Nuclear powered electricity does not contribute to global warming or pollution.
Helen Caldicott disputes the above statement. She calls it a myth which is spread by the Nuclear Energy Institute (NEI) in the U.S.A. She writes that the NEI spends millions of dollars annually to engineer public opinion.
"Nuclear power is not 'clean and green' as the industry claims", she writes, "because large amounts of traditional fossil fuels are required to mine and refine the uranium needed to run nuclear power reactors." Large amounts of fossil fuel are needed to construct the massive concrete reactor buildings, and to transport and store the toxic radioactive waste created by the nuclear process. Burning of this fossil fuel emits significant quantities of carbon dioxide, the primary greenhouse gas, into the atmosphere"
While the carbon dioxide currently produced by nuclear energy is only one-third of the amount emitted from a similar-sized gas conventional generator, this is a transitory statistic, says Dr. Caldicott. "Over several decades, as the concentration of available uranium ore declines, more fossil fuels will be required to extract the ore from less concentrated ore veins."

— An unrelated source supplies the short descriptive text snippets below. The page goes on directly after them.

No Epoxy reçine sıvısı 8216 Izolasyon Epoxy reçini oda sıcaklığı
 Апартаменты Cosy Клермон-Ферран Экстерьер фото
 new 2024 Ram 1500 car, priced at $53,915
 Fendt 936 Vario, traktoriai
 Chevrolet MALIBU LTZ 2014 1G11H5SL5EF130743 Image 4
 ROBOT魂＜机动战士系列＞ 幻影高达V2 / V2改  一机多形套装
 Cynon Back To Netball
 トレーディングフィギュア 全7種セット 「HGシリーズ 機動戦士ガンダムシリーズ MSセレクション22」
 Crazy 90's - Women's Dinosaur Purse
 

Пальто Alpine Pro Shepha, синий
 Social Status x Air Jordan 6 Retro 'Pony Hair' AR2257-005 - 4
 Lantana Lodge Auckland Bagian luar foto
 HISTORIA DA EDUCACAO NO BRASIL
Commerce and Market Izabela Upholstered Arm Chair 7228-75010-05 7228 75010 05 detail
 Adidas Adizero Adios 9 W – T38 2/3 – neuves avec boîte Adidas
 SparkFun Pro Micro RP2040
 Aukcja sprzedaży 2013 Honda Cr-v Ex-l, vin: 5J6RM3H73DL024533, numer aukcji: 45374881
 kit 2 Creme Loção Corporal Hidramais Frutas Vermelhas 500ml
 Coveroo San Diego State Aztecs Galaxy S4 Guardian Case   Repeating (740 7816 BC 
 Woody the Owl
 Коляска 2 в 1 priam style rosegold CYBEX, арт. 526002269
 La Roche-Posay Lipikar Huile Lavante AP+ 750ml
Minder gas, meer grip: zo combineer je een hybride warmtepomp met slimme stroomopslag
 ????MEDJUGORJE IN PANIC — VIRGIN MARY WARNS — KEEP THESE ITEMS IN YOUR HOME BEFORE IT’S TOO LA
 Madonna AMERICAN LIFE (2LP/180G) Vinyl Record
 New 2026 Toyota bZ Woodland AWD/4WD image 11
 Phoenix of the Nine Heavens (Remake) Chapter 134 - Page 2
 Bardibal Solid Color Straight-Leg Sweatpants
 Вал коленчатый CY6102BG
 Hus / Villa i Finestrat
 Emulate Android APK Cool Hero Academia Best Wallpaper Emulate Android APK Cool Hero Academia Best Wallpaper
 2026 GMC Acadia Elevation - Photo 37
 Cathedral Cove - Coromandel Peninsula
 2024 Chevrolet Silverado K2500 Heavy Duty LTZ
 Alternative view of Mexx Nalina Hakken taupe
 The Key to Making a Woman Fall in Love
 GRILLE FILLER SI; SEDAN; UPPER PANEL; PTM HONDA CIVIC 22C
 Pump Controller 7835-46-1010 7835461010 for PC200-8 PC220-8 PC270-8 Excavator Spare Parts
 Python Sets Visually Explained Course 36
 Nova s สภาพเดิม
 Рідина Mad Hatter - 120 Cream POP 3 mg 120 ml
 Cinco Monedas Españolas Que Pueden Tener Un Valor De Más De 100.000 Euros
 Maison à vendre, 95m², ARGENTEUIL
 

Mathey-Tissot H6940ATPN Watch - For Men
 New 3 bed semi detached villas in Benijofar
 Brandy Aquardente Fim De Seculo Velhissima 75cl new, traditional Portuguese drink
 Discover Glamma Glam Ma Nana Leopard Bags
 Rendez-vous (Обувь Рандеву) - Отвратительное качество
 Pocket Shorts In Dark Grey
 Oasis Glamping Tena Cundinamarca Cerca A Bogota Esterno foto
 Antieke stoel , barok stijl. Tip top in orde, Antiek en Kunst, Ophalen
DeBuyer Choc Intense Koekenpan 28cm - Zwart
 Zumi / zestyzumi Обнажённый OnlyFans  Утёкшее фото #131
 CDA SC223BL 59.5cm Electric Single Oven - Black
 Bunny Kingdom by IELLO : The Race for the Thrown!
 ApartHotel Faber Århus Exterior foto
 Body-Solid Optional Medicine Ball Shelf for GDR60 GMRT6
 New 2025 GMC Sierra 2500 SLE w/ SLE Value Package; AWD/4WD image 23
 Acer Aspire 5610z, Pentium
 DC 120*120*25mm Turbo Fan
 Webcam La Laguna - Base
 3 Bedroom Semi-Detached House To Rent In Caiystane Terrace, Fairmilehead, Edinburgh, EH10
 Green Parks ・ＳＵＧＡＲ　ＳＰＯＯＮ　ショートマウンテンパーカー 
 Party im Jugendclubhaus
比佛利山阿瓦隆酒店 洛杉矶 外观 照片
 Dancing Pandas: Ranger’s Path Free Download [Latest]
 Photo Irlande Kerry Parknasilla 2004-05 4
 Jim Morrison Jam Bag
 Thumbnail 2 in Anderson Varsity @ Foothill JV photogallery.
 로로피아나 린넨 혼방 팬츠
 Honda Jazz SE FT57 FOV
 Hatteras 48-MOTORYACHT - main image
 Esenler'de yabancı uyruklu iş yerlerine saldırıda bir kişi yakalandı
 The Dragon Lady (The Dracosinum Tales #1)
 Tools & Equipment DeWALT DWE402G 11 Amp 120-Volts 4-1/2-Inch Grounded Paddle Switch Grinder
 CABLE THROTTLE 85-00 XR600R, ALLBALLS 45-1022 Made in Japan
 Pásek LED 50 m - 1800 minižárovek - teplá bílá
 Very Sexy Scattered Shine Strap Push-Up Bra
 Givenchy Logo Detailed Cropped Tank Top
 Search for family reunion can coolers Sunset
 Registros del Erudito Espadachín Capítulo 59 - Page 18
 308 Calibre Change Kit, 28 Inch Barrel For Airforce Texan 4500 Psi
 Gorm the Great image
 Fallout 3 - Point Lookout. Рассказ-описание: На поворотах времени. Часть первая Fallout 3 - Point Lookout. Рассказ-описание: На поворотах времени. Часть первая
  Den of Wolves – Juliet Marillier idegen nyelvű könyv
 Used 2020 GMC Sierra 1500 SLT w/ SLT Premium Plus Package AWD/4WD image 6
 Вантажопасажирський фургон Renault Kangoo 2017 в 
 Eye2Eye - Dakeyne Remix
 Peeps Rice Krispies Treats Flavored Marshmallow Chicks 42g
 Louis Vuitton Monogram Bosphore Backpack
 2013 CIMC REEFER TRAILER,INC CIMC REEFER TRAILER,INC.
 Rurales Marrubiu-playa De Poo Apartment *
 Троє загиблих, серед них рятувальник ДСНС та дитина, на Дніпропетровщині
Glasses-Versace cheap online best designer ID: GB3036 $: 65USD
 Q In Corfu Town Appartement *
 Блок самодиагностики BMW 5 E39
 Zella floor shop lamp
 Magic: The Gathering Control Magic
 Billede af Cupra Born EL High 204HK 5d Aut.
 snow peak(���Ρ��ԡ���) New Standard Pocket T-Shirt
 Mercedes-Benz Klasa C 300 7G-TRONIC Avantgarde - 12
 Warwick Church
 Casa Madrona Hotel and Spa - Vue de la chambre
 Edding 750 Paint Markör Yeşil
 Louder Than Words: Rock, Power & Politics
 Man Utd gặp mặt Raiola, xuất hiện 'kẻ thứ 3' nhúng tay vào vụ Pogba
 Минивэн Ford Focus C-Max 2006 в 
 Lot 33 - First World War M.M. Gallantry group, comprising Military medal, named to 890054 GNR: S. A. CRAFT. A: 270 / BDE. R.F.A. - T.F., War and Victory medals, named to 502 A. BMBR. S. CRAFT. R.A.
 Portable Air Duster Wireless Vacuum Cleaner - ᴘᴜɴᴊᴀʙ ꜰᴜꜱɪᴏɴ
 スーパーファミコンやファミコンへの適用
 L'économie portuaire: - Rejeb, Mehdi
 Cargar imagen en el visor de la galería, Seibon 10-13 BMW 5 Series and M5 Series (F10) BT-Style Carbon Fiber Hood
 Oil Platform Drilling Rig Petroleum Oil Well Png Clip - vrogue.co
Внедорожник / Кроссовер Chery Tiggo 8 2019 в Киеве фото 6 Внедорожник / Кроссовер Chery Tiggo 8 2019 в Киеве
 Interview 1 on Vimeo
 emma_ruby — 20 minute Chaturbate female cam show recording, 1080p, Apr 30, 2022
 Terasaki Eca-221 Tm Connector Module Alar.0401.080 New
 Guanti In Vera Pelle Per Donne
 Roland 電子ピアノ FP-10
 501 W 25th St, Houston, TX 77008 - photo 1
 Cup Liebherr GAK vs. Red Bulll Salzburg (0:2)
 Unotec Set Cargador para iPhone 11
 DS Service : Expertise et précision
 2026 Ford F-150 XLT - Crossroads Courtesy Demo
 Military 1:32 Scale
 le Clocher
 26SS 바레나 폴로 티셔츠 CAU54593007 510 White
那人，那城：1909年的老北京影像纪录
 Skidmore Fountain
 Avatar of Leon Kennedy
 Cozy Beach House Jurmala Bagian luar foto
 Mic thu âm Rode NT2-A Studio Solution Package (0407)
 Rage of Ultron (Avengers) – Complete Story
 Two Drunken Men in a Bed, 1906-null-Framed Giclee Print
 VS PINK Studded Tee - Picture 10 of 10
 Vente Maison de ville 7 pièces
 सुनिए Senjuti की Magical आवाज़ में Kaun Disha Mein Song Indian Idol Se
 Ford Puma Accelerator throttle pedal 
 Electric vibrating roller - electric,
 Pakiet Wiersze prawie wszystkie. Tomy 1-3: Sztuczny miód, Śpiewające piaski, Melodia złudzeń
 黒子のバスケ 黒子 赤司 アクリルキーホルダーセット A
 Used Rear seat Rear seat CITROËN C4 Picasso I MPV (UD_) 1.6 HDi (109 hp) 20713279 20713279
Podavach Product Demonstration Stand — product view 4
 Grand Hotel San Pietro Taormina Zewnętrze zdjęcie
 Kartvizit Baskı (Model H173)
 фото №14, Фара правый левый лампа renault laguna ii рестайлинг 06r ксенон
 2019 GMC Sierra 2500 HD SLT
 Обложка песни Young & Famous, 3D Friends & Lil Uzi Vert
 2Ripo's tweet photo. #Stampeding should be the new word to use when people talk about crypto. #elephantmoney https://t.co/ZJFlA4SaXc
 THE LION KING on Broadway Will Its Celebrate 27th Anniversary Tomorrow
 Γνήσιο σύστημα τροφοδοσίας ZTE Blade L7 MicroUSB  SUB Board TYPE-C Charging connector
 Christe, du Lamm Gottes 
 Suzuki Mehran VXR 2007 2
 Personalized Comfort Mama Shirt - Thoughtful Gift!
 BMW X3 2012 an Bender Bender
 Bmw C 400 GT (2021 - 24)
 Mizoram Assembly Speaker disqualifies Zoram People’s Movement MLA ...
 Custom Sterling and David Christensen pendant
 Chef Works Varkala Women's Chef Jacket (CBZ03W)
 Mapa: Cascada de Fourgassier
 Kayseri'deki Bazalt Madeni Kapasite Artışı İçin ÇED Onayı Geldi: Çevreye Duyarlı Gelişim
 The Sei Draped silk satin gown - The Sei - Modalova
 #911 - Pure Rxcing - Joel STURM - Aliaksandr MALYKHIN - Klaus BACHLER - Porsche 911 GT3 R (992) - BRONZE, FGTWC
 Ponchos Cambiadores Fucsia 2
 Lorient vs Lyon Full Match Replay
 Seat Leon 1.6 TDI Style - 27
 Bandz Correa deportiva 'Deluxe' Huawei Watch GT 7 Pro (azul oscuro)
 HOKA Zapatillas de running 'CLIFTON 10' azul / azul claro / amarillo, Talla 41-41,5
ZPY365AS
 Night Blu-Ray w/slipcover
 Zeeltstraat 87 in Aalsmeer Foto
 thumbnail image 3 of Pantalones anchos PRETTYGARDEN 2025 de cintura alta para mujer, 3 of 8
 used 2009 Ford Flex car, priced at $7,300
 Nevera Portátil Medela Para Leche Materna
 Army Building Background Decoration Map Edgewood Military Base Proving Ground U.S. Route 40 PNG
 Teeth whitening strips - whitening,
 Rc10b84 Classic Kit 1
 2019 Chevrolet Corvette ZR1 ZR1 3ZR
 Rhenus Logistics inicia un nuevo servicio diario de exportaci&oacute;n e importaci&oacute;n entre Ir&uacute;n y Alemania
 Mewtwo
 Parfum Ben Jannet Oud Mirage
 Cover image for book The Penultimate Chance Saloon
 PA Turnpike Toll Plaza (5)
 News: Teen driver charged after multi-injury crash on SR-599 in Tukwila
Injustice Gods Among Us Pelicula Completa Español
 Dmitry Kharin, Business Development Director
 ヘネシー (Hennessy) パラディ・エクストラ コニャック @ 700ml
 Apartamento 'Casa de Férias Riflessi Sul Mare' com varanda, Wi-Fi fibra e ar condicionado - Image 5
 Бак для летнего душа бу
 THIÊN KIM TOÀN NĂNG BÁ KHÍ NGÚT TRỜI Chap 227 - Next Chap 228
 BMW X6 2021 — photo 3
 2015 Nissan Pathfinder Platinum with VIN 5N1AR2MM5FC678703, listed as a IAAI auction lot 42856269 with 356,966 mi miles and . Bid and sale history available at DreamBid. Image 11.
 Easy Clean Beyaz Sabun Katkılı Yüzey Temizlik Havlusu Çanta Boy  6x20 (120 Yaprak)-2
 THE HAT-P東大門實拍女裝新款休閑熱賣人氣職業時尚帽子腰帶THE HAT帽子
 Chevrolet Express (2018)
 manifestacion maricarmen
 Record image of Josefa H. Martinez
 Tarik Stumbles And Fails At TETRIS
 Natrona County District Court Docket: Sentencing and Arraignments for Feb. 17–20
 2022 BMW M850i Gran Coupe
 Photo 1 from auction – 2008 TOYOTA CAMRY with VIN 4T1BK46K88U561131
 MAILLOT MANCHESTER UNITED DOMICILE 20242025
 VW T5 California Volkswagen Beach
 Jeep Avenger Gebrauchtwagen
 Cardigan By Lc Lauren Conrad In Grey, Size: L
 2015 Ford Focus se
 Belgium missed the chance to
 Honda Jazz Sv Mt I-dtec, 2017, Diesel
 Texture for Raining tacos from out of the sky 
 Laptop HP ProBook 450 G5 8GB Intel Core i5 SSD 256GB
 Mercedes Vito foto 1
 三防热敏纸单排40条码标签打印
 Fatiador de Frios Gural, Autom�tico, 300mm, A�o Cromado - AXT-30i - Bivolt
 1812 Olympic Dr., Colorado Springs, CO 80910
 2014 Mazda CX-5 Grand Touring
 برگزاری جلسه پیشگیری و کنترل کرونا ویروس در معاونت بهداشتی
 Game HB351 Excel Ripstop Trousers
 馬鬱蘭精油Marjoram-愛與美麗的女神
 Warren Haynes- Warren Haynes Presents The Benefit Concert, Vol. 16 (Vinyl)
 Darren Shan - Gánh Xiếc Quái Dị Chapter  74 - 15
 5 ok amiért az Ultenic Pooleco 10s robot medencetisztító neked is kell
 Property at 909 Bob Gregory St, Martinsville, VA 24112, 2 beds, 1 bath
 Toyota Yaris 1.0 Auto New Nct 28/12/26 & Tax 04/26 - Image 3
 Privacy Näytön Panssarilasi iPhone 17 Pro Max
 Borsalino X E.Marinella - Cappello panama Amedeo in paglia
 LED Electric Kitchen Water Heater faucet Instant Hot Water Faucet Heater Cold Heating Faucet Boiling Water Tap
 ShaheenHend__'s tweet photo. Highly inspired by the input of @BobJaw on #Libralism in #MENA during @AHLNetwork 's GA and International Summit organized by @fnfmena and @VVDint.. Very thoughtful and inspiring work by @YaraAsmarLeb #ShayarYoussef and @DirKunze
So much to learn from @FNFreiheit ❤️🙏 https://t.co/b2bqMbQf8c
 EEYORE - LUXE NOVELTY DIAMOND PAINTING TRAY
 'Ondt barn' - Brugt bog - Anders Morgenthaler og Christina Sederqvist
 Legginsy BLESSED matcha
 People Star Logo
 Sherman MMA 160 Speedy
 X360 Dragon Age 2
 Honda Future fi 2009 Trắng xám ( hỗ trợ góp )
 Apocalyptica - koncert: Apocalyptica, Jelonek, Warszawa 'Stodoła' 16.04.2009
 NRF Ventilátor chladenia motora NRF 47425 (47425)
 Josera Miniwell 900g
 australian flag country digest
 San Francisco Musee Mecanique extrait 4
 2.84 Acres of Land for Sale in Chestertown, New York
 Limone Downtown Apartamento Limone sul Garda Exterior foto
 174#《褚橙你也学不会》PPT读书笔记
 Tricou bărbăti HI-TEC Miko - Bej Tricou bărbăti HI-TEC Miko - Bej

Dr. Caldicott continues that when the nuclear industry presents the cost of nuclear power they fail to include all the costs involved. For example, "the industry says that nuclear power costs only 1.7 cents per kilowatt hour, whereas coal costs 2 cents and gas-fired power cost 5.7 cents. But these figures apply only to nuclear energy generated from existing nuclear reactors. They represent a classic omission of capital cost from a pricing equation".
The author is a leading spokesperson for the antinuclear movement and a Nobel Peace Prize nominee as well as the recipient of the 2003 Lannan Prize for Cultural Freedom. Although trained as a physician, she writes in language understandable to the layman. This is an important book which presents the other side of the "spin".